Hey, I can send you a couple.  I just got a new jar.  PM me your addy.

What I'd suggest is you give 'em to 'em in late spring, so they'll have 'higher' copper levels going into the worst part of barberpole season.


----------



## aggieterpkatie (Sep 7, 2011)

cmjust0 said:
			
		

> Goats have four stomachs.


Just a little peeve of mine.  They have one stomach with 4 compartments.     Our anatomy professor hated when someone said they had 4 stomachs so I kinda adopted his peeve.


----------



## cmjust0 (Sep 7, 2011)

aggieterpkatie said:
			
		

> cmjust0 said:
> 
> 
> 
> ...


The *one* time I start out an explanation with babysteps for someone new, and this is what I get?!?


----------



## aggieterpkatie (Sep 7, 2011)

cmjust0 said:
			
		

> aggieterpkatie said:
> 
> 
> 
> ...


I couldn't help it and I knew you could take a little ribbing.


----------



## redtailgal (Sep 7, 2011)

x


----------



## DonnaBelle (Sep 7, 2011)

http://www.dairygoatjournal.com/issues/87/87-3/coppers_role_in_goat_health.html

This is a very good article on Copper for goats.

DonnaBelle


----------



## Island Creek Farm (Sep 9, 2011)

Not trying to get flamed here!  LOL

I've had two people try to copper bolus our goats (besides me and one was a goat vet!), they ALWAYS urp it back up, chew it and spit it out...no matter HOW long we hold their heads up!

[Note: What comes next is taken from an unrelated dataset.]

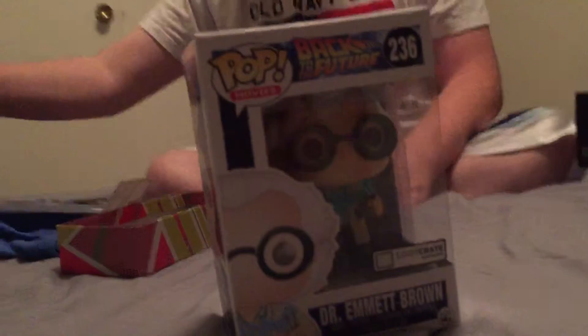I have to say the Pop figure and obviously the shirt are the two coolest things in here. This is a really soft shirt — like super soft. Check out that shirt.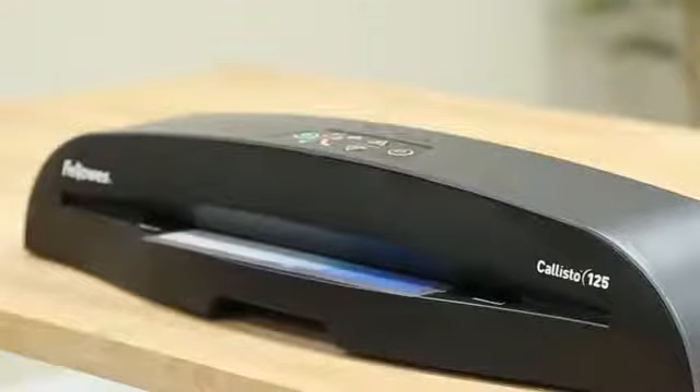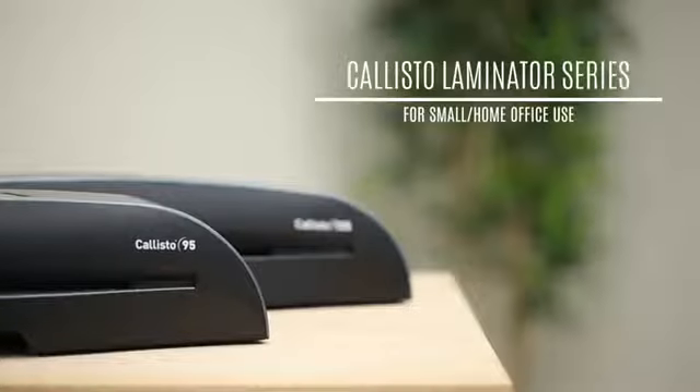Experience easier, faster, perfect laminating with the Callisto 95 and 125.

This time I measured my copasure, mixed in 5ml of probios and my goats licked it off the tonge depressor...absolutely NO crunching!  Can't be worse than the marshmallow method!  At least it gets in them...with them spitting the capsules out it was getting pretty pricey!


----------



## elevan (Sep 9, 2011)

Island Creek Farm said:
			
		

> Not trying to get flamed here!  LOL
> 
> I've had two people try to copper bolus our goats (besides me and one was a goat vet!), they ALWAYS urp it back up, chew it and spit it out...no matter HOW long we hold their heads up!
> 
> This time I measured my copasure, mixed in 5ml of probios and my goats licked it off the tonge depressor...absolutely NO crunching!  Can't be worse than the marshmallow method!  At least it gets in them...with them spitting the capsules out it was getting pretty pricey!


I'm with you...the capsules are not the way to go with _my goats_...just won't work.  While some may have luck with them you have to be prepared with other options just in case


----------



## cmjust0 (Sep 9, 2011)

When I've done it, I use a good bolus gun that I *bury to the rings* down their throats, and I always have a drench syringe full of water ready to go as soon as the bolus gun comes out.  They *will* swallow, multiple times, when you trickle the water down the back of their tongue.  I've yet to have one yarp a capsule back up doing it that way..  It's possible that they may yarp up some of the copper rods with their next cud, but...well...I have to assume that since Copasure was designed for a ruminant, someone thought of that and either did something to lessen the impact or adjusted the dosage accordingly...or whatever.  I dunno..  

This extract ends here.